Published September 22, 2017
COAST SALISH TERRITORY/VANCOUVER — The first study ever to compare the development and survival from cancer between First Nations people and non-First Nations people in British Columbia shows an overall lower incidence of the disease for First Nations people but also indicates lower survival rates for most cancers.
The study was conducted jointly by the BC Cancer Agency and First Nations Health Authority, and published in the journal Cancer Causes & Control. The 1993 to 2010 data set includes “Status Indian” peoples only and is not inclusive of all First Nations, Métis or Inuit peoples in BC.
The study shows both First Nations men and women experience a higher incidence of colorectal cancer, with a 22 per cent higher age-standardized incidence rate for women and 39 per cent for men. There also appears to be a trend towards increasing incidence for both sexes. More research is needed to understand the specific reasons for this elevated and increasing rate of colorectal cancer among BC First Nations.
A 92 per cent higher incidence rate of cervical cancer was observed among First Nations women. This may indicate that access to geographically available and/or culturally safe cervical cancer screening services may be a continuing barrier for First Nation women.
Incidence rates of almost all other cancers were generally similar or lower in First Nations populations compared to non-First Nation populations. Trends in incidence rates over time were also similar, with the exception of lung cancer, which is rising at a rate among First Nations that may soon overtake declining rates in non-First Nations.
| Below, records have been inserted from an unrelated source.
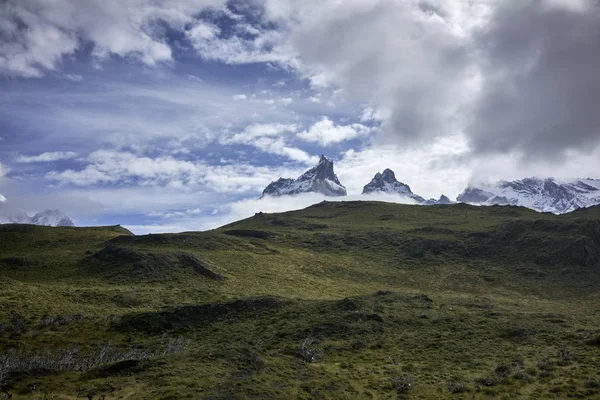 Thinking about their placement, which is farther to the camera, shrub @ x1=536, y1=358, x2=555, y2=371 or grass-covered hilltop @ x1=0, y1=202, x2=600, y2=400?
shrub @ x1=536, y1=358, x2=555, y2=371

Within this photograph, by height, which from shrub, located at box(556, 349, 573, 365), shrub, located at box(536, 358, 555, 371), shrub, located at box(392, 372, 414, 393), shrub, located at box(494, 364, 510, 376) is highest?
shrub, located at box(556, 349, 573, 365)

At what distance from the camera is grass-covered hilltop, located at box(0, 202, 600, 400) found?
25.5 meters

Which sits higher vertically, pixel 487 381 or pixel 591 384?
pixel 591 384

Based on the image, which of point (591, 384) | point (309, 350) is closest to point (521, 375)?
point (591, 384)

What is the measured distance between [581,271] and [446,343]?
57988 millimetres

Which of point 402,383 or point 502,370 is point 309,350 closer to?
point 402,383

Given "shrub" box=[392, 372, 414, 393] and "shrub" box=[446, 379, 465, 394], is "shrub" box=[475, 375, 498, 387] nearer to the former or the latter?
"shrub" box=[446, 379, 465, 394]

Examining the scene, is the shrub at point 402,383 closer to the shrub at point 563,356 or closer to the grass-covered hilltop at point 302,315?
the grass-covered hilltop at point 302,315

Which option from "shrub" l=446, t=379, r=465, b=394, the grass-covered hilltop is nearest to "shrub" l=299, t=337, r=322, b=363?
the grass-covered hilltop

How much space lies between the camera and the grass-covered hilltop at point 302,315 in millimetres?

First Nations people are also less likely to survive a cancer diagnosis compared to non-First Nations people. Overall, poorer survival was seen in the First Nation population in 10 of the 15 cancer types examined in women and 10 of the 12 cancer sites examined in men.
Lower survival rates could be influenced by a number of factors including challenges in access to high quality, timely, appropriate and effective cancer treatment, especially in rural and remote areas. Lower diagnosis may be impacted by limited access to screening programs. For many First Nations peoples, their cancer journey is negatively impacted through the experience of racism in health and social support settings.
Culturally safe health and social services reduce barriers to accessing care and detecting cancer early. First Nations people are more likely to access care that is appropriate to their wellness beliefs, goals and needs.
The findings in this study suggest a complex basis for these disparities in cancer incidence and survival, and further studies along the entire spectrum of cancer care—from wellness and prevention, to screening, diagnosis and treatment—are required.